[Caption-style text data]
^^^^^^^^

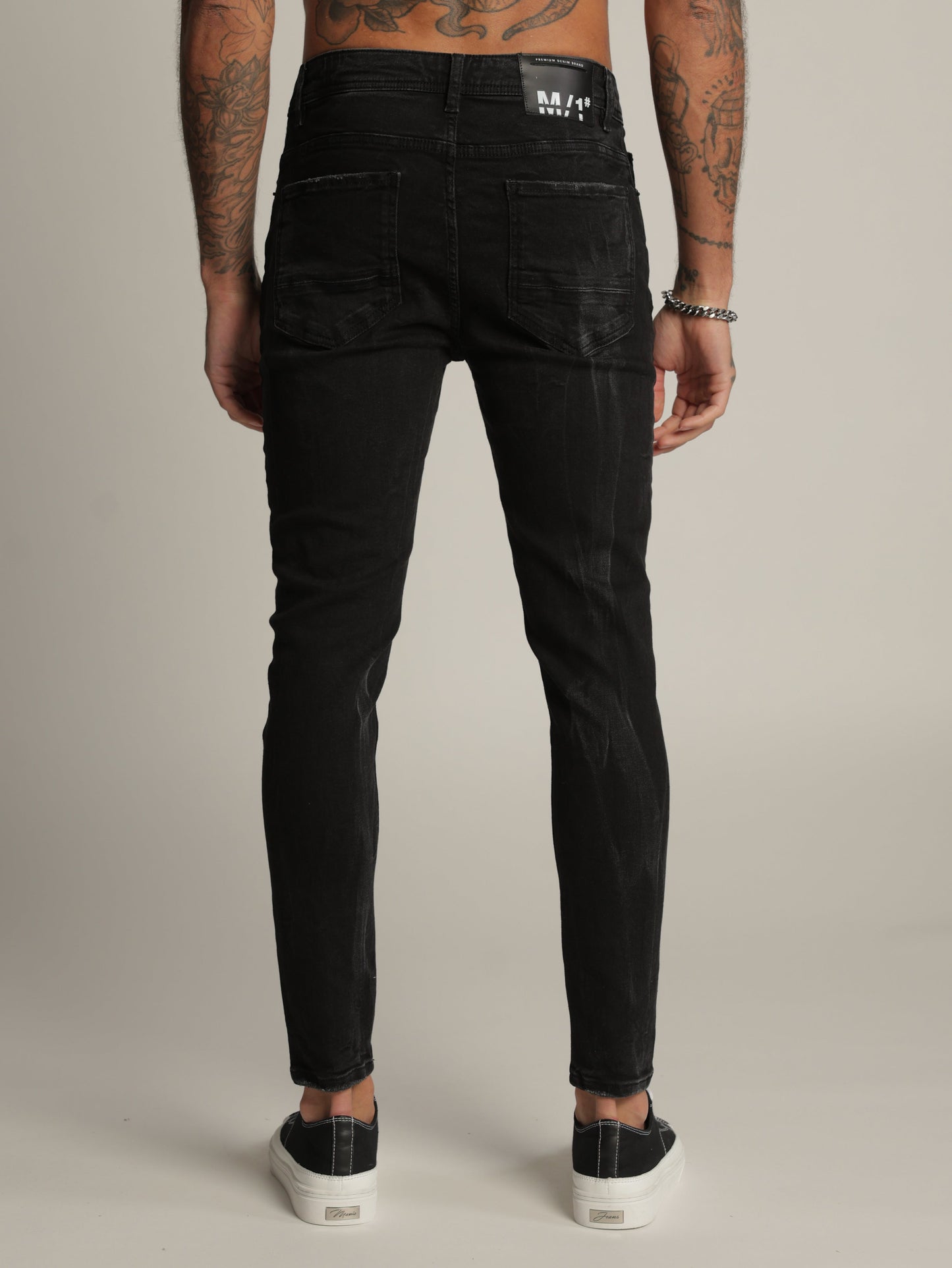 FASHION JEANS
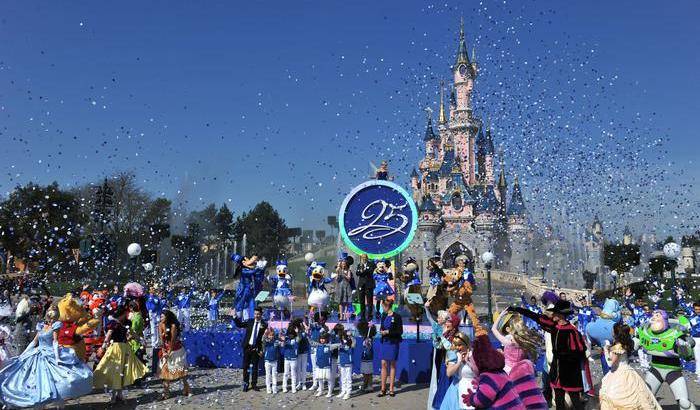 Disneyland Paris compie 25 anni tra spettacoli e magia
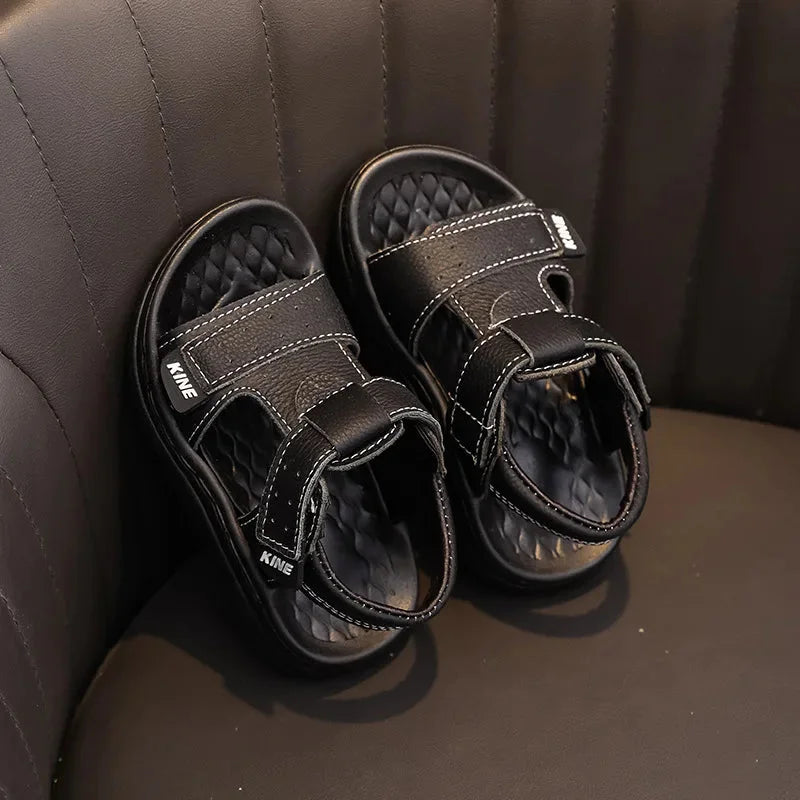 Sandália Infantil de Couro Legítimo com Solado Macio Lenogue Preto / 21-22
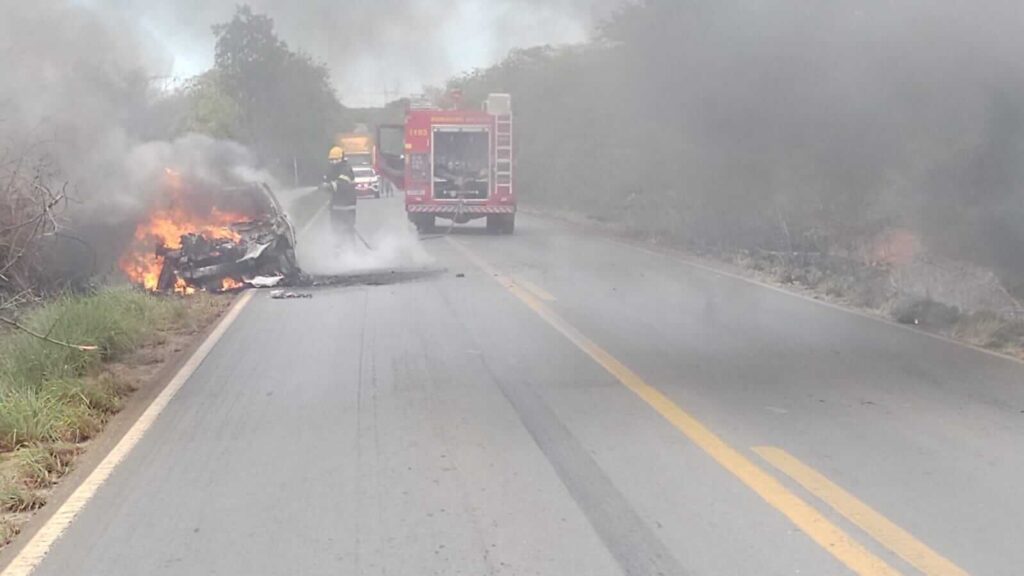 Bombeiros combatem incêndio em um carro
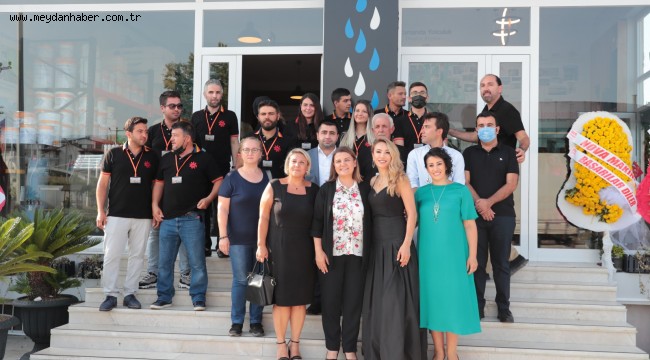 Hürriyet, Şennur Zengin'i  açılışta yalnız bırakmadı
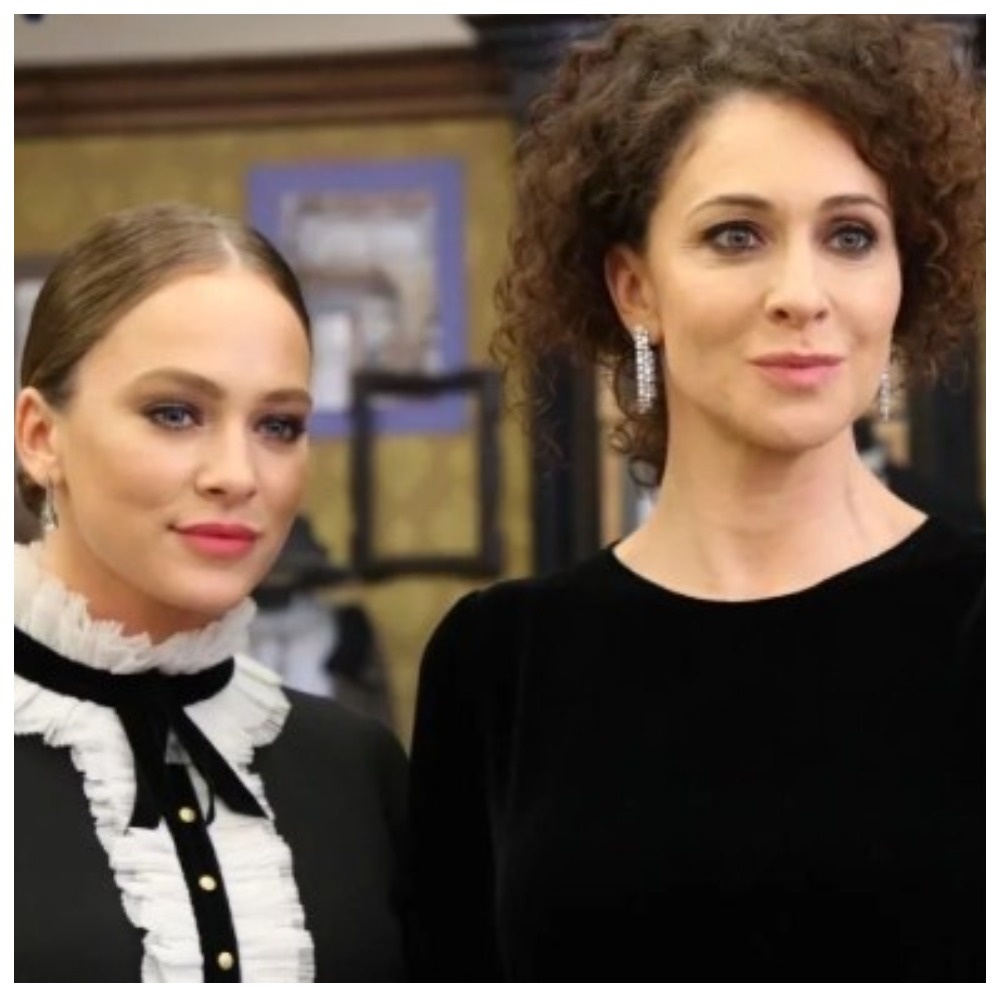 Слева Аглая Тарасова с мамой Ксенией Раппопорт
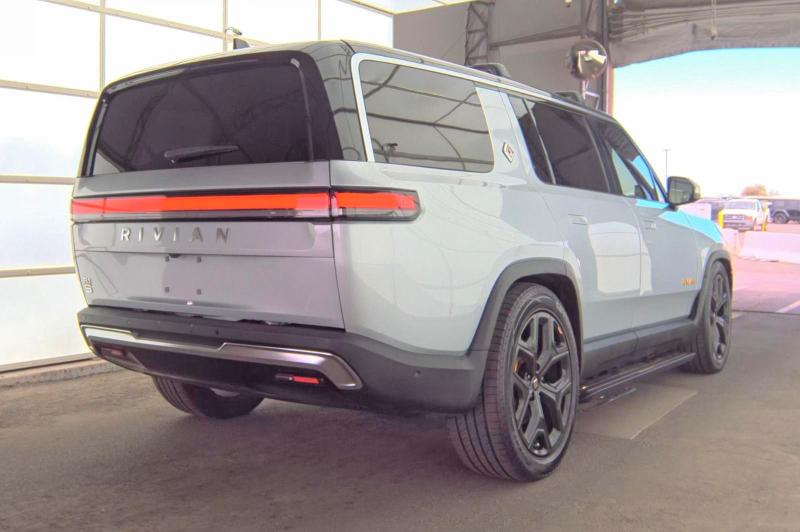 2023 Rivian R1s მანქანა იყიდება აუქციონზე, vin: 7PDSGABA4PN019950, აუქციონის ნომერი: 57083326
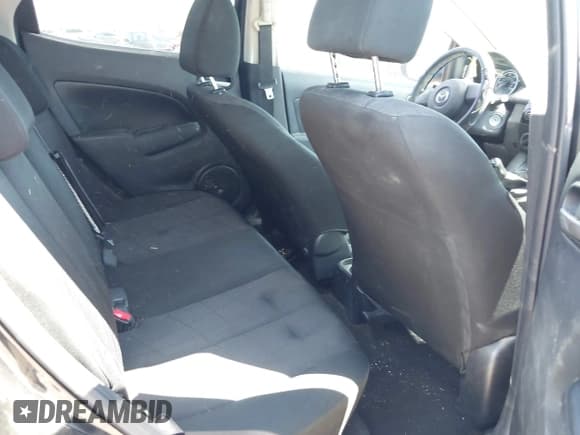 ✅ 2013 Mazda 2 Sport • VIN: JM1DE1KY1D0163161 • Lot: 42521419. Listed on IAAI with 112,126 mi. Free auction sales archive from the USA and detailed vehicle history report at DreamBid. Image 8.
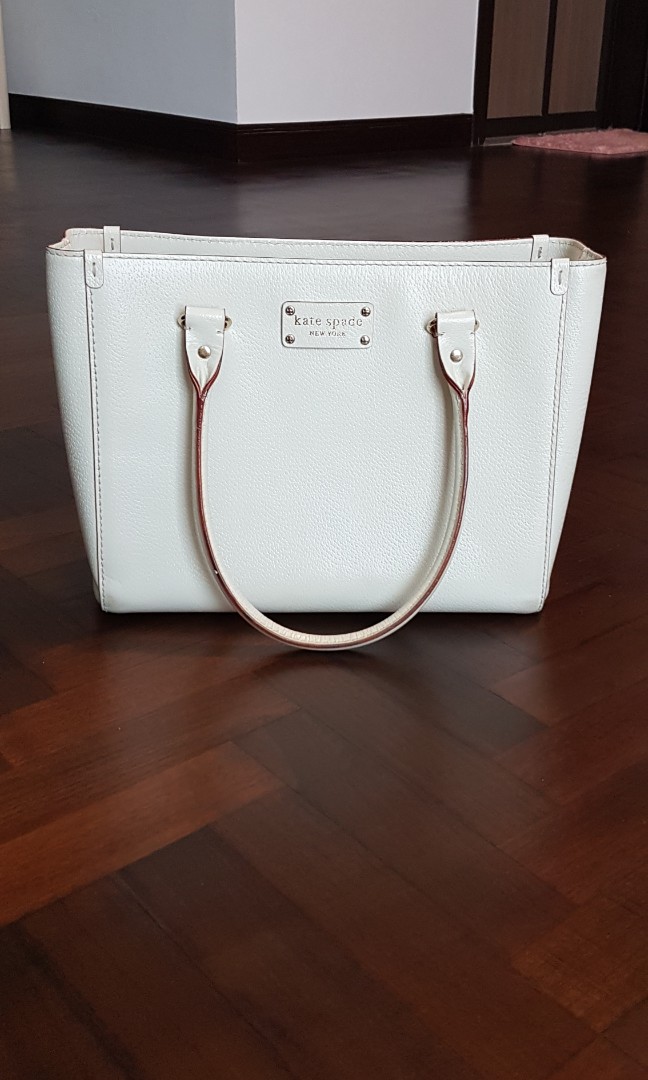Kate Spade quinn leather bag in wellesly porcelain white Women s Fashion Bags Wallets Tote Bags on Carousell
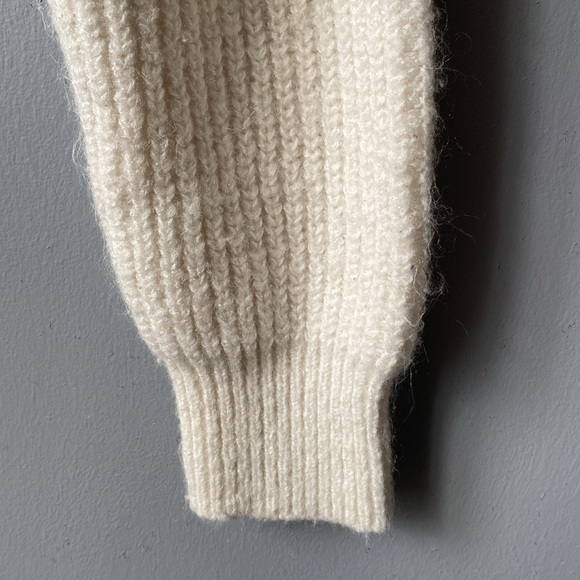 Cropped Button Up Cardigan - Picture 3 of 5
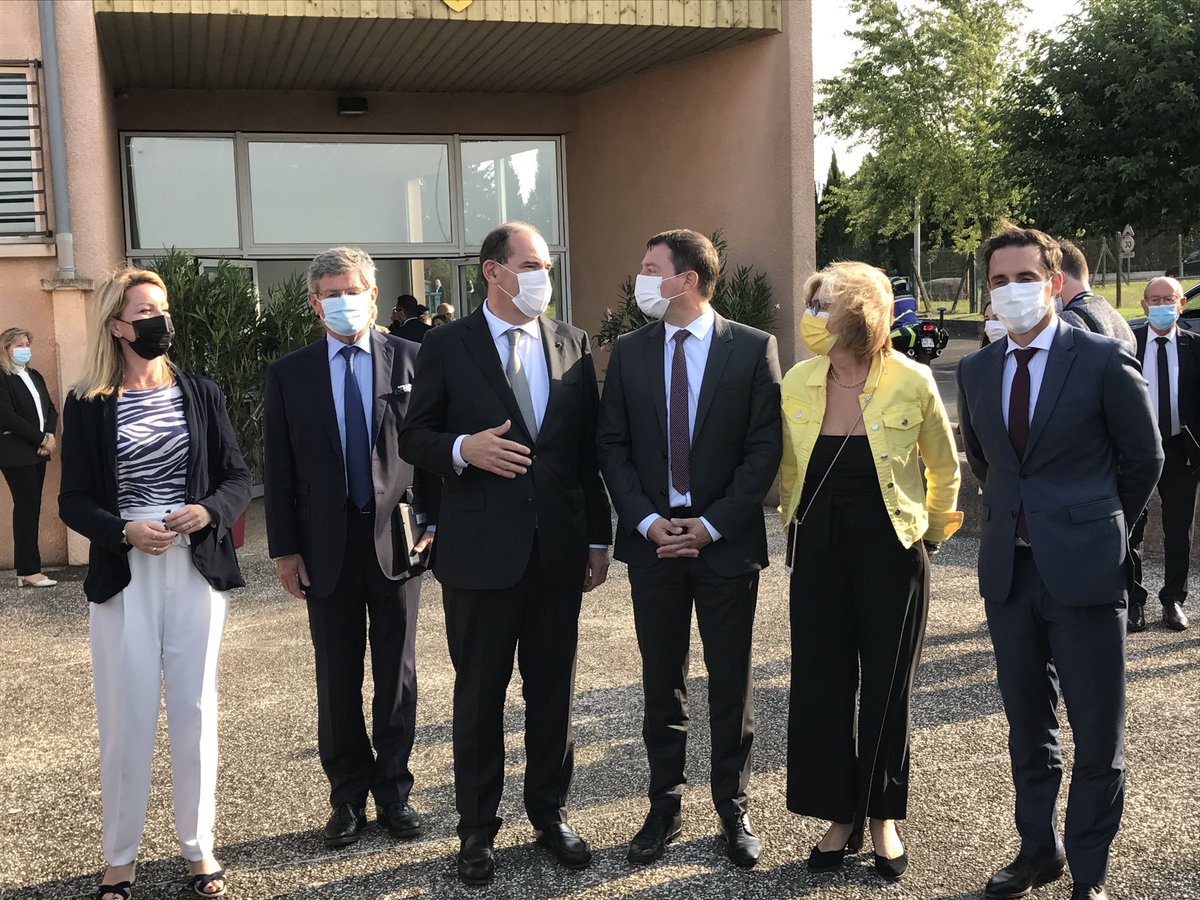 JeanTerlier's tweet photo. Merci à @JeanCASTEX et @Djebbari_JB d'être venus à Lagarrigue pour annoncer le choix du concessionnaire pressenti @groupe_NGE
👉 État a respecté ses engagements depuis 2018: DUP, financement 
👉 Signature contrat de concession en 2022, début travaux 2023 et Ouverture prévue 2025 https://t.co/rnyOngoukQ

^^^^^^^^

▸ **WHAT NEEDS TO BE DONE**
Would you reproduce the lines above exactly, without carrying over the pictures?

▸ **SOLUTION TO THIS PROBLEM**
 FASHION JEANS
 Disneyland Paris compie 25 anni tra spettacoli e magia
 Sandália Infantil de Couro Legítimo com Solado Macio Lenogue Preto / 21-22
 Bombeiros combatem incêndio em um carro
 Hürriyet, Şennur Zengin'i  açılışta yalnız bırakmadı
 Слева Аглая Тарасова с мамой Ксенией Раппопорт
 2023 Rivian R1s მანქანა იყიდება აუქციონზე, vin: 7PDSGABA4PN019950, აუქციონის ნომერი: 57083326
 ✅ 2013 Mazda 2 Sport • VIN: JM1DE1KY1D0163161 • Lot: 42521419. Listed on IAAI with 112,126 mi. Free auction sales archive from the USA and detailed vehicle history report at DreamBid. Image 8.
Kate Spade quinn leather bag in wellesly porcelain white Women s Fashion Bags Wallets Tote Bags on Carousell
 Cropped Button Up Cardigan - Picture 3 of 5
 JeanTerlier's tweet photo. Merci à @JeanCASTEX et @Djebbari_JB d'être venus à Lagarrigue pour annoncer le choix du concessionnaire pressenti @groupe_NGE
👉 État a respecté ses engagements depuis 2018: DUP, financement 
👉 Signature contrat de concession en 2022, début travaux 2023 et Ouverture prévue 2025 https://t.co/rnyOngoukQ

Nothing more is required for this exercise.